Let's fiddle with some numbers! I have a Jackson Bros. air variable capacitor (very Rolls-Royce) which swings from 10.5 pF to 105 pF, a typical 10:1 ratio in air variables. This I will use for Cv.
If the total swing is 1.04 (actually 1.0404:1) and Cmax is 177 pF it follows Cmin is 170 pF. A variation of only 7 pF (roughly). Now we're treading on unsafe ground here with such a large variable capacitor. We could:
A) rip plates of it to reduce capacitance (don't
even think about it)
B) go to varactor diodes with a small swing. That's O.K. but performance becomes degraded.
C) obtain a smaller air variable with Cmax of say 25 pF.
Just to prove I'm a glutton for punishment and if you're still here so are you, we will purely for the mathematical exercise, persevere with the 105 pF variable. What if we eliminate C3 and make C2 = 15 pF NPO then the series combination of C2 and Cv swing 6.176 pF to 13.125 pF, a variation of over 6.9 pF - are you lost? Go back to the other tutorials.

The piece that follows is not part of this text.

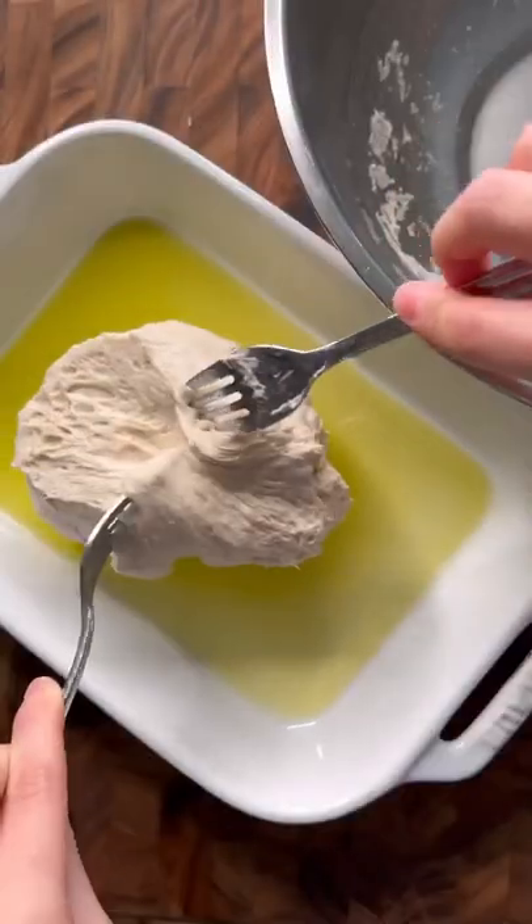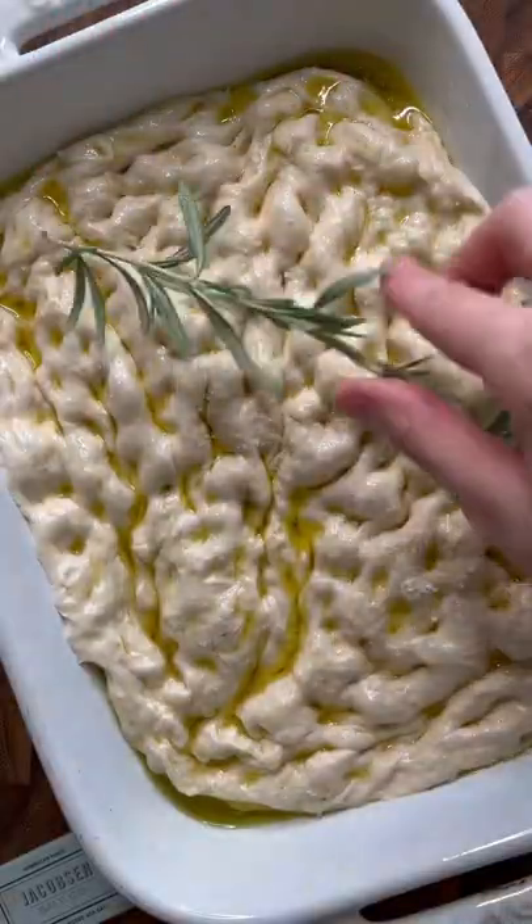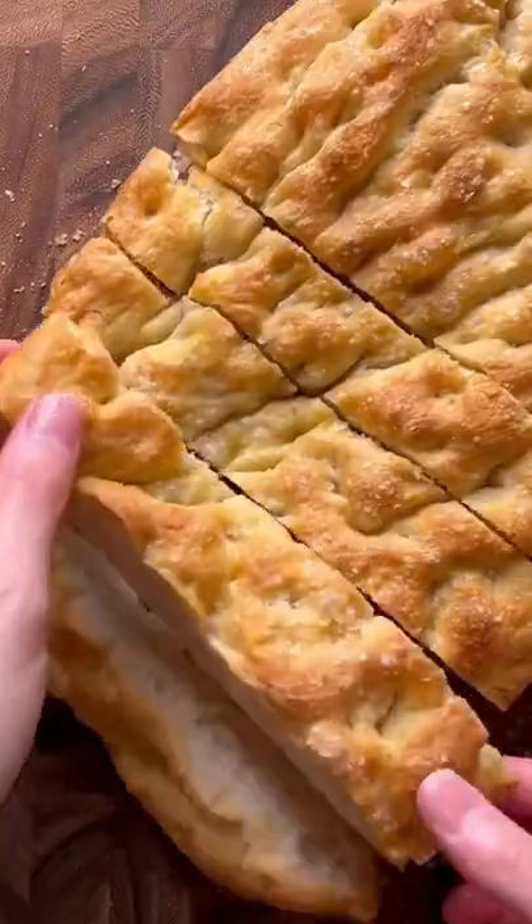Add some olive oil to a baking dish, let it rise for an hour, then go ahead and poke the dough. Season with some sea salt, top it off with some rosemary, and bake for about 30 to 45 minutes. Let it cool before slicing and enjoy.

If our Cmax was 177 pF then 177 - 13.125 = 163.875 and the 177 pF was approximate anyway. I'd make Ct a 10 pF air trimmer (if available, if not, a ceramic or whatever the supplier offers but 10 pF max.). That leaves about 154 pF to make up. How about making C1a and C1b into 3 NPO capacitors of say 2 X 47 pF and 1 X 56 pF all NPO types. In total that comes to less than 177 pF max. but don't forget there are stray capacitance's in the circuit. In the final wash-up you could simply use 3 X 47 pF.
Next voltage controlled oscillators.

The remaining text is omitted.